- _What the task asks_
Return the tail of the records exactly, starting from the line containing "Periodic Table of Sandwichry" and ending with the final line.

- _Supplied records_
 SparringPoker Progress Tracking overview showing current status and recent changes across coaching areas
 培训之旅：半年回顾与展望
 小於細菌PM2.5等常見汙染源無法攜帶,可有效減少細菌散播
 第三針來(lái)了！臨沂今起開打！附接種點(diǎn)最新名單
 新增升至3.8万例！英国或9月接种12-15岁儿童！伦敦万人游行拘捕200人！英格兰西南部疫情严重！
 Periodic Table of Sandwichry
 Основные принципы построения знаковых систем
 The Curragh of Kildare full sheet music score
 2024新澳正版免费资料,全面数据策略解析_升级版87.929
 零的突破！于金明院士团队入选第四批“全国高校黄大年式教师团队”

- _Answer section_
 Periodic Table of Sandwichry
 Основные принципы построения знаковых систем
 The Curragh of Kildare full sheet music score
 2024新澳正版免费资料,全面数据策略解析_升级版87.929
 零的突破！于金明院士团队入选第四批“全国高校黄大年式教师团队”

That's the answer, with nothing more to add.